I would have a panic attack if I fell asleep and then woke up and was on a space ship looking down at earth.
I don’t think everyone is meant for space travel, supposedly it’s going to become a regular thing but, that seems like something really unsafe?
But yeah I think less people will be willing to go than we think.
At first it’s going to be too expensive anyway but, as time goes on it will become normal and affordable- if it doesn’t get shut down from the sheer number of “accidents”
I mean yeah we send up satellites all the time and shit like that, but every launch we bite our nails, and the launches constantly get scrubbed with the slightest sight of a fucking cloud or a tiny bit of wind because it’s *that* delicate and uncertain. 1 mph above the acceptable rate and the thing could crash and burn.
But that’s not even where things go wrong most commonly- apparently the most common issue that NASA employees bite their nails over watching a launch, isn’t getting off the ground past some clouds but, it’s passing through a certain point in the atmosphere, where the engines drop and then switch into a different gear and start trudging a bit sideways, if you notice a certain point where the launch goes from “straight up” and starts going diagonal, and the white puffy cloud stops forming. That’s because they’ve dropped a whole chunk of the ship off and gone into full fucking g-force.
Apparently that transition is the most risky and that’s where things tend to literally blow up. Unfortunately we witnessed it on national TV, live. Once.
If it happened once, it can happen again. And if you study stuff about the ships, you realize there isn’t as many fail safes as you would think. Like once the ship is fucked, it’s pretty damn fucked. There is only a tiny layer between you and deep space, and that shell alone being so thin, terrifies me. No matter what material it’s made of.
And then you have mechanical errors, which astronauts are trained to handle but- things do go wrong and they have to fix that shit mid-space travel.

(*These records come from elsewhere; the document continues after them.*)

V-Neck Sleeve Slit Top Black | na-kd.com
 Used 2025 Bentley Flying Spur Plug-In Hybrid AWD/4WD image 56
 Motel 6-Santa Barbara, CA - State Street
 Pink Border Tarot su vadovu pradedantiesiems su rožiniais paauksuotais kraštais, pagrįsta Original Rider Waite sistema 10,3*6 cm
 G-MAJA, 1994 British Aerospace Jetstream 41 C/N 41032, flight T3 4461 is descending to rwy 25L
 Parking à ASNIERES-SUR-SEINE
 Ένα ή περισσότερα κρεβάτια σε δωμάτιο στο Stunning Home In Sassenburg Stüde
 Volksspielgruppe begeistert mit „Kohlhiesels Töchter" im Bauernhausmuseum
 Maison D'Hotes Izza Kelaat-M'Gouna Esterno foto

And not to mention trajectory. If you get off course because of an issue- you could end up missing your window of opportunity to your entrance point to wherever your destination is- which is a very narrow window, and a very difficult and rocky landing. And when it comes to returning to earth, there is an even more narrow window than the trajectory to your space destination, and they completely expect the landing to go south which is why all landing pads are placed in areas surrounded by open water and zero civilization, and the area during landings is restricted within a certain radius. Because that shit could literally crash and burn into the ground.
Imagine throwing a dart into the the key hole of your front door, from your bedroom. And that’s what it’s like trying to land a space ship on a landing pad properly on earth.
LOL it’s very, very narrow.
There is no way in hell I’m getting on a space ship unless it’s life or death.